Das Denkmal für Wilhelm IV. steht seit 1837 auf dem Wilhelmsplatz in Göttingen (Niedersachsen); es erinnert an den englisch-hannoverschen König Wilhelm IV. und an das 100-jährige Jubiläum zur Gründung der Georg-August-Universität Göttingen.

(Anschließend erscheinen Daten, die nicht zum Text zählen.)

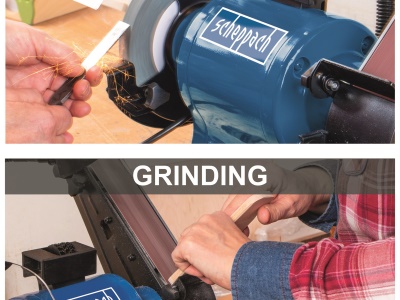 Scheppach BGS 700 - kombinovaná kotoučová a pásová bruska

Wilhelm IV. bzw. William IV. war zugleich König des Vereinigten Königreichs von Großbritannien und Irland sowie in Personalunion König von Hannover und in dieser Eigenschaft formell Rektor der Universität Göttingen, für deren Säkularfeier von 1837 er die 1835–1837 errichtete Universitäts-Aula stiftete. Der repräsentative Bau entstand am bisherigen Neuen Markt, der zuvor bis 1824 durch das Abräumen des Barfüßerklosters geschaffen worden war. Diese noch relativ neue Platzanlage wurde zur Ehrerbietung an den in London residierenden König 1837 in Wilhelmsplatz umbenannt[1] und dafür zusätzlich mit einem Königs-Denkmal besetzt, das die Stadt Göttingen der Universität schenkte.[2] Nachdem die Stadt zunächst mit verschiedenen Künstlern verhandelte[3], ging der Auftrag 1836 an den zu dieser Zeit in Hannover wirkenden Bildhauer Ernst von Bandel, der gleichzeitig auch den allegorischen Figurenschmuck im Tympanon des Aulagebäudes schuf. Das königliche Ministerium und der König selbst billigten im Oktober 1836 das städtische Vorhaben.[3] Erhaltene Denkmalsentwürfe Bandels datieren von 1836[4] und waren Gegenstand zahlreicher Korrespondenz und Entwurfsänderungen.[5] Die Gussarbeiten für das Standbild waren der Rothehütte im Harz übertragen und – nach einigen technischen Schwierigkeiten[6] – Ende August 1837 abgeschlossen.[3]

Am 17. September 1837 wurde das Denkmal im Beisein von König Ernst August, der seinem am 20. Juni verstorbenen Bruder Wilhelm auf dem Thron gefolgt war, enthüllt.[7] Die Rede des Bürgerschaftsvorstehers Gieseler legte das Motiv der städtischen Stiftung dar: Die Ehrung gelte dem Landesherrn als dem Förderer der Universität, mit der die Stadt als eine Schicksalsgemeinschaft verbunden angesehen werde.[7]

Das Denkmal für Wilhelm IV. ist bis heute das einzige Denkmal auf deutschem Boden für einen britischen König.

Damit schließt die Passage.